Uno tiene que vivir con las memorias, otros con los remanentes del cuerpo que puedan quedar útiles. Unos cuantos son perseguidos por un tremendo sentido de culpabilidad, pensando que ellos también debieron morir, no solamente las decenas, o cientos, o miles de personas alrededor de ellos que sí perecieron. En el tsunami, causado por el terremoto conocido como Sumatra-Andaman, murieron unas 250,000 personas. Ese día todo el universo debió haber llorado tantas vidas perdidas en asunto de horas. Hay todavía unas 50,000 personas desaparecidas. Y justo antes de cada uno morirse o desaparecer tragado por el agua pensaron en algo. Fue el mismo pensamiento milenario repetido en millones y millones de personas fallecidas en circunstancias trágicas, como un humo de chimenea que se escapa hacia un lugar secreto en el espacio sideral donde se guardan tales pensamientos hasta el fin de la eternidad.
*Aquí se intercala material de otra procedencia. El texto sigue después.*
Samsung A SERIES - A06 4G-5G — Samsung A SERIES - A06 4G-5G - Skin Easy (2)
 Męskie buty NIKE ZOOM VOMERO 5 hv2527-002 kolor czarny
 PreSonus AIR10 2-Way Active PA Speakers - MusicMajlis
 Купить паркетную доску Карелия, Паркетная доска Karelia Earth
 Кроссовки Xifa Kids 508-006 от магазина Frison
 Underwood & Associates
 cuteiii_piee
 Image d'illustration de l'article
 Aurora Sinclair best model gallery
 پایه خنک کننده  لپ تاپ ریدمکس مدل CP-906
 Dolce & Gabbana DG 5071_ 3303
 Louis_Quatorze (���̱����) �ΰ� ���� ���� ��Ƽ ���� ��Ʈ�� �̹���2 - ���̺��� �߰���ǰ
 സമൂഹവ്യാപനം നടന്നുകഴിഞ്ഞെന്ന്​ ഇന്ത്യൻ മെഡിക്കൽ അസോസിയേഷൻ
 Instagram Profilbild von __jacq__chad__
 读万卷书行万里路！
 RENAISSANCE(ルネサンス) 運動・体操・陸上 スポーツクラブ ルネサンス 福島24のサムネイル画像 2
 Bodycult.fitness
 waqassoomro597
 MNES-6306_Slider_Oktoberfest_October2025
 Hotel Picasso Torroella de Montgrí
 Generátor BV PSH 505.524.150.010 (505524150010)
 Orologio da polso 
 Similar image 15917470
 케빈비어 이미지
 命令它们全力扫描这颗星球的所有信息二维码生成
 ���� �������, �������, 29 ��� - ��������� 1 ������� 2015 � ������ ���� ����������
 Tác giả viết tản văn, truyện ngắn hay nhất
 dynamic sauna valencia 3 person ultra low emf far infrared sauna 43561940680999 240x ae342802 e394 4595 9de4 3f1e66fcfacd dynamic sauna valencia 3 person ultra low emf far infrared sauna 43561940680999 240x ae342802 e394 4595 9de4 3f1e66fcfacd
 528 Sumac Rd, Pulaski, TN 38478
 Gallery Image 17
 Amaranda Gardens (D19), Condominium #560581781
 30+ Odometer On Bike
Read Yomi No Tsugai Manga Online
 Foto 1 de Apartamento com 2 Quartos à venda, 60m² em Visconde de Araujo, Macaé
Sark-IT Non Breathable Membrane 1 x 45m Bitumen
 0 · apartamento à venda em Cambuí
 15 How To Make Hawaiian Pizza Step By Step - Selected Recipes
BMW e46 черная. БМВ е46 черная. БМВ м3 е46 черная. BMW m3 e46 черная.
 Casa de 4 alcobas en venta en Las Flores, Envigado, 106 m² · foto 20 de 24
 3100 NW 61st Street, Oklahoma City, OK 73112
En el 1973 mi amigo Wayne y yo celebramos nuestra graduación de secundaria dando un viaje alrededor del pais en un cepillo Volskswagen recién reconstruído. En el trayecto entre Hato Mayor y Sabana de la Mar nos quedamos dormidos los dos y seguimos derecho en una curva y descendimos, aún dormidos, por una tremenda zanja. Nos paró una palma real, medio a medio. Sobrevivimos pero ese pudo haber sido mi ultimo momento, sobretodo cuando me di cuenta luego de despertar de que un tremendo camión cargado con unas 30 personas fue quien se paró para ayudarnos a salir de la zanja. Ellos tomaron el cepillo y lo levantaron a mano, colocándolo sobre la carretera; el maldito carro todavía seguía andando. Pero si nos hubiéramos estrellado contra el camión otra hubiera sido la historia.
No me acuerdo haber pensado nada, estaba dormido. Pero creo que desde ese día hasta el día de hoy le tengo un gran respeto a la vida. Y también a la muerte.